I do this for a living, and I'm the lead tech for the busiest Solar RV business in AZ. 

The first question you have to ask yourself is how much power do you need. If your thinking you would be able to run the air conditioner then we might as well stop now. They take way too much power and even a large battery bank will only run them for about an hour.

So if your not needing to run your AC then we need to figure out what you do want to run. There are a few things you have to work out after getting that first question answered. 

The only way to take battery power from the batteries and convert them to AC power to run your household items is with an inverter. And there are two types of inverters out there. One is called modified sine wave or step wave. This is the least expensive but also the least efficient and can damage more sensitive electronics. The second is called Pure sine wave, and is just like the electricity supplied by the power companies. It is a bit more expensive but is safe for anything you might plug into it. 

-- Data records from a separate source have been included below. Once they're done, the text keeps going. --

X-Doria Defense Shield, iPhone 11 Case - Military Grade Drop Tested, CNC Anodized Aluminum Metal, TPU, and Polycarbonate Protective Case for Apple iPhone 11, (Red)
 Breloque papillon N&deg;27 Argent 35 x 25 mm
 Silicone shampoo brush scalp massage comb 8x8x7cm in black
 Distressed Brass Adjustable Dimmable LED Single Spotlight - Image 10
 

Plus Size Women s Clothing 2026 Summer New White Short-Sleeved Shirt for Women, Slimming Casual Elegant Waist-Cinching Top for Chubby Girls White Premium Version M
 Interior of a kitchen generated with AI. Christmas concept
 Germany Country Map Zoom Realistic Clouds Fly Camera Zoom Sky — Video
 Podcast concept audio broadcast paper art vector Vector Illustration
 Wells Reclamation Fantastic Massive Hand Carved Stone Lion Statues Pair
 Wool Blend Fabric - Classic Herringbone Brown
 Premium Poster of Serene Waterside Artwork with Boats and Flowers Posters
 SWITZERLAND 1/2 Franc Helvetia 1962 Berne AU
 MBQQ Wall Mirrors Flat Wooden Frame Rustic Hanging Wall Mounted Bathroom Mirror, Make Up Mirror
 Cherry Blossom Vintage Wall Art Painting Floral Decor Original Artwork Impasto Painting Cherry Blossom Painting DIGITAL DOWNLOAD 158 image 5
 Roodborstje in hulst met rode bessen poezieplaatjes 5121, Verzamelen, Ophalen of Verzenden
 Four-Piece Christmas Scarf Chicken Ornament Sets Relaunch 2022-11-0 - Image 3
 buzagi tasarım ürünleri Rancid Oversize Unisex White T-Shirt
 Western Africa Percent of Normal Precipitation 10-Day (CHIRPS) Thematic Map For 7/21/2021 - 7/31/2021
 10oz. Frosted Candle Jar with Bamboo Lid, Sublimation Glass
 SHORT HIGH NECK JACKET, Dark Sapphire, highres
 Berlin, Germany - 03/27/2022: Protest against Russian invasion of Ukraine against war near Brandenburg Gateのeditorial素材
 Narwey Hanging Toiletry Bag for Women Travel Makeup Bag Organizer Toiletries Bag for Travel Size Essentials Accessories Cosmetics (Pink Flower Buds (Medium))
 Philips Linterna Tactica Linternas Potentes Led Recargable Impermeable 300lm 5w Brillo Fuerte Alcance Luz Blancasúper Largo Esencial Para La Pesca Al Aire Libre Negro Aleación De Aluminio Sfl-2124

Some inverters are just that, an inverter that supplies power to your AC items from battery power. But there are also inverters that also charge your batteries. These are the best to get, and usually have a 3 stage battery charger that will maintain your batteries like the manufactures require. Yes, you could use a cheap charger to charge your batteries but most stand alone battery chargers are only 20-30 amps, unless you get the big monster ones, and are a single stage battery charger. 

Once you have figured out what items you want to run and how much wattage or ampage they require, your going to have to figure out how long you want to run them and how many at the same time. Keep in mind, for every amp you use on the AC side of the inverter your using about 10 amps off of the battery bank. So say for instance your using 30 amps of stuff in your boat for one hour at the same time. The power being pulled out of the batteries is going to be around 300 amps out of that battery bank for that hour. 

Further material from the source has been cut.